打倒ISISで2大テロ組織が共闘
ニューズウィーク日本版 / 2015年8月31日 13時1分
アフガニスタンとパキスタンは、3つの主要なイスラム過激派テロ組織が併存する唯一の地域だ。その1つであるISIS(自称イスラム国、別名ISIL)が勢力を拡大させるなかで、これまで緩やかに連携してきた残る2つの組織、アルカイダとタリバンの合体が加速する可能性が出てきた。
ISISは昨年以降、中東だけでなくアフガニスタンとパキスタンへ本格的に進出している。一方のタリバンは、ISISの台頭に加えて、最高指導者ムハマド・オマルの死により打撃を被っていた。タリバンは先月末、13年にオマルが病死していたと明らかにしたばかりだ。

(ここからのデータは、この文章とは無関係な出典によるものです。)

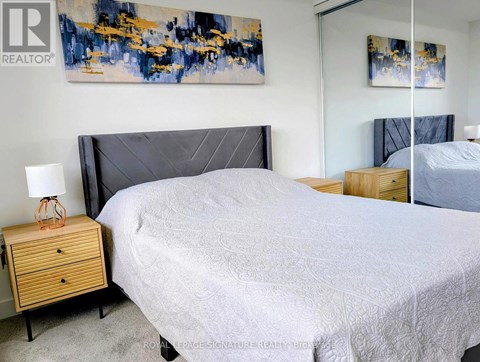 A bedroom with a large bed and a painting on the wall.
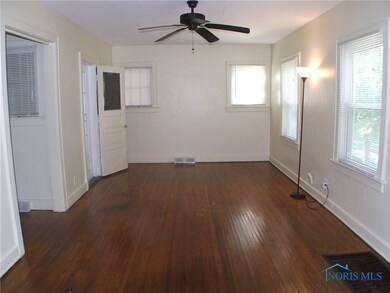 Spacious living room with: hardwood floors, ceilin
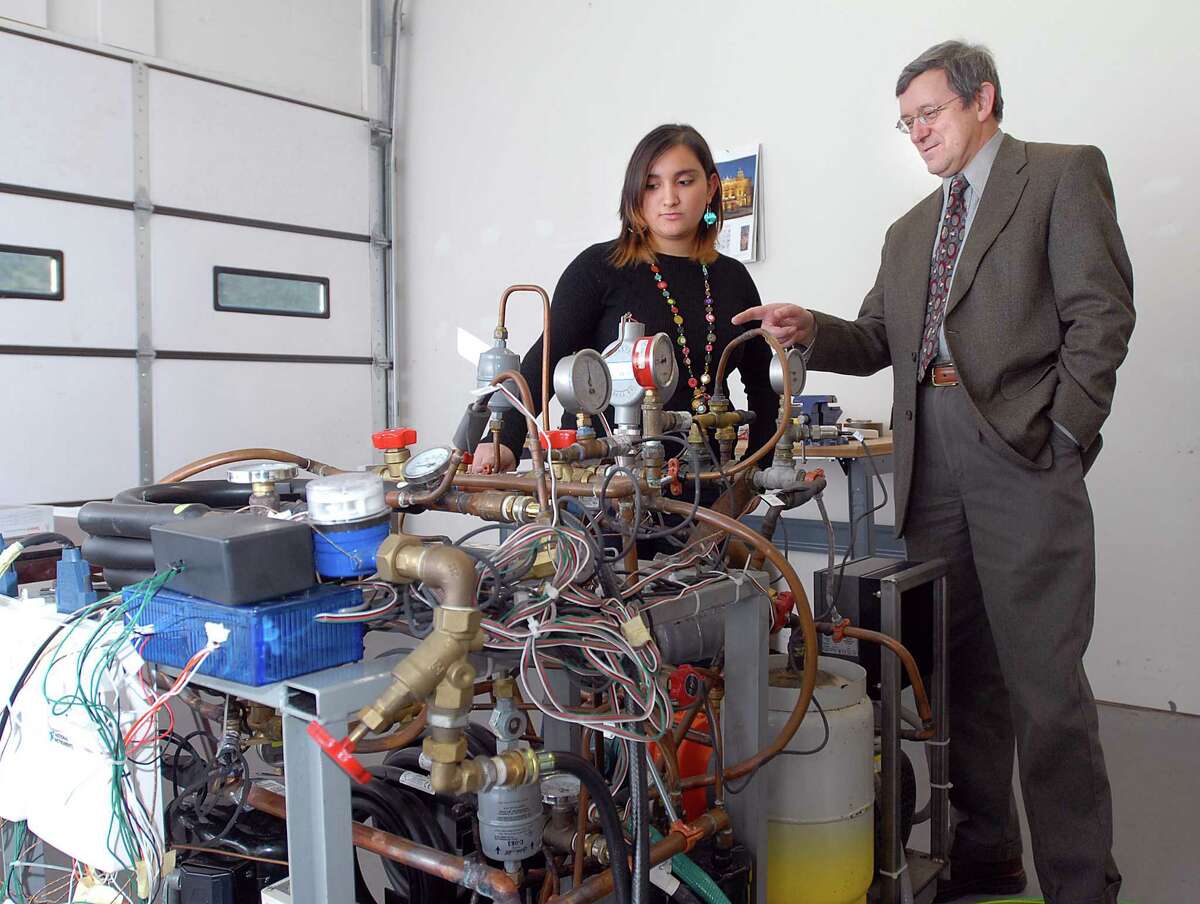 Cas100106 01/06/10 Madison--Mark Bergander, President of Magnetic Development Inc. works with new research assistant Emily Fisler with the company's research test equipment. . Photos -Peter Casolino/New Haven Register *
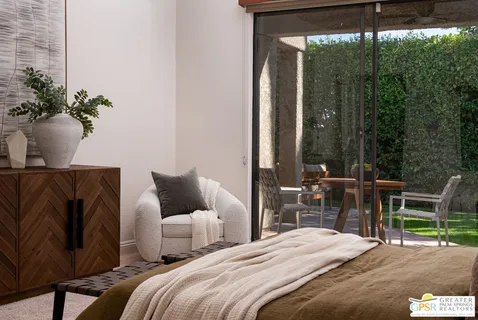 a bedroom with a bed and a potted plant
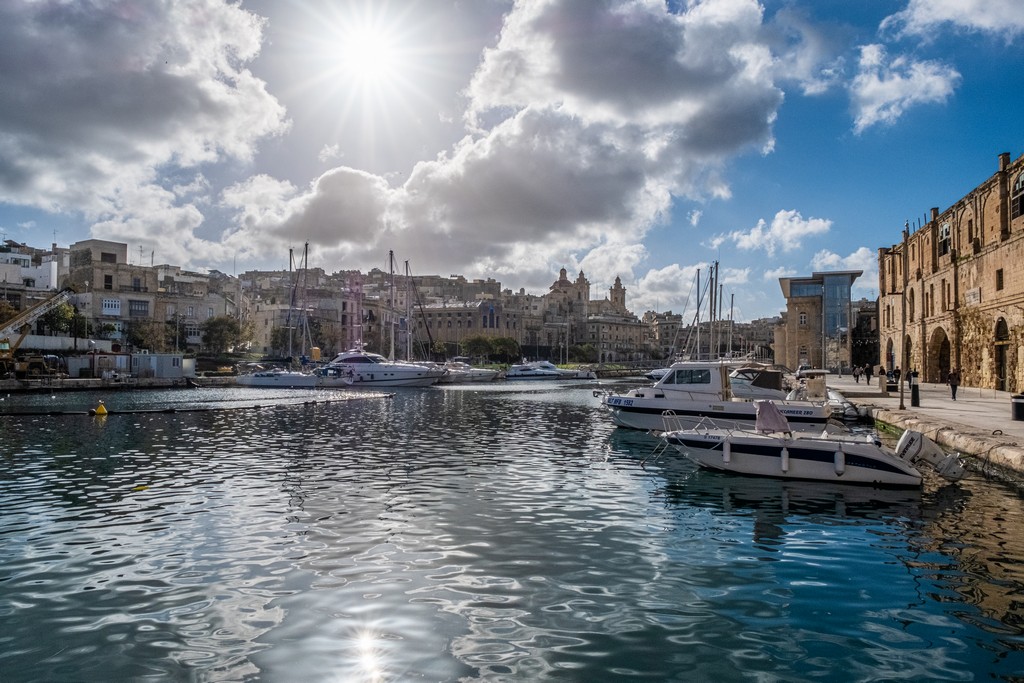 sole si specchia sul porto con barche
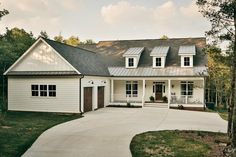 a large white house with lots of windows on it's roof and front porch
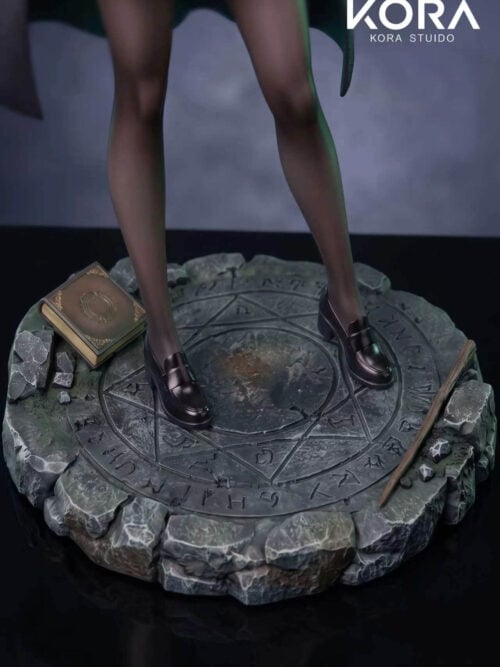 Close-up of the circular stone-textured display base etched with geometric symbols and runes, showing the figure's dark loafers, a closed gold-trimmed book, and a wand.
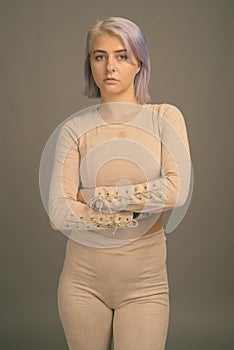 Young beautiful rebel woman with colorful hair against gray background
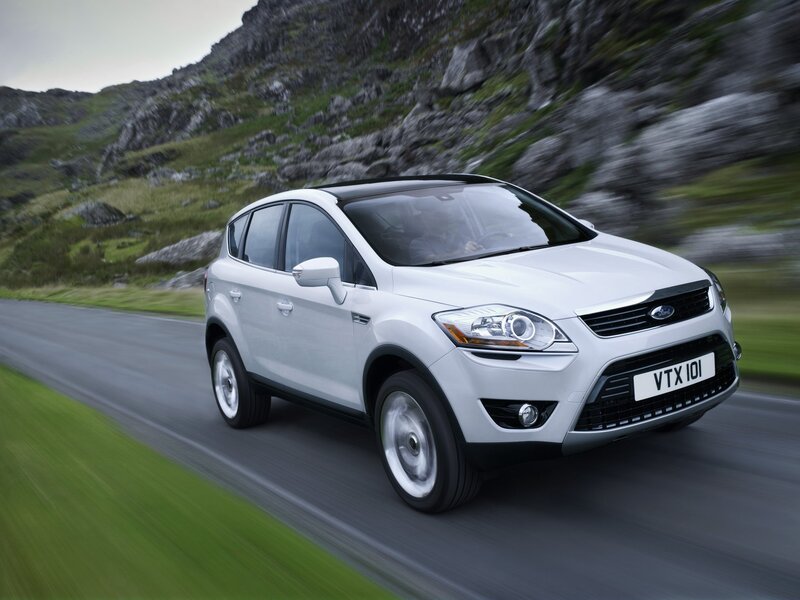 White Ford Kuga driving on a road
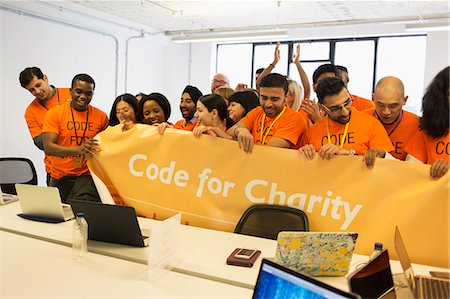 Hackers with banner coding for charity at hackathon Stock Photo - Premium Royalty-Free, Code: 6113-09168617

しかし先週、タリバンの立場を大幅に強める動きがあった。アルカイダの最高指導者アイマン・アル・ザワヒリがタリバンへの忠誠を表明したのだ。「(ウサマ・)ビンラディン指導者や殉教した同志たちがオマル師に忠誠を誓ったように、私も忠誠を誓う」と、ザワヒリ(とされる人物)はネット上に公表された録音メッセージで述べた。
ISISに広大な土地を奪われたタリバン
オマルの後を継いだアクタル・ムハマド・マンスールは、一部の有力タリバン幹部とアルカイダ系グループから最高指導者として認められていなかったが、ザワヒリの忠誠表明により、リーダーとしての正統性が強まるかもしれない。これでタリバンとアルカイダの一体化も進む可能性がある。
ISISは、タリバンとアルカイダからの離反を誘い、勢力を広げようとしてきた。1月には、アフガニスタンとパキスタンの一部を「ホラサン州」として「領土」とすると表明。同州の幹部に任命された12人のうち少なくとも5人は、タリバン系組織を離脱した面々だった。ISISは6月、タリバンが支配していたアフガニスタンの広い地域を支配下に収めたとも報じられている。
世界を震え上がらせてきた2つの過激派組織は、強力なライバルの進撃を止められるのか。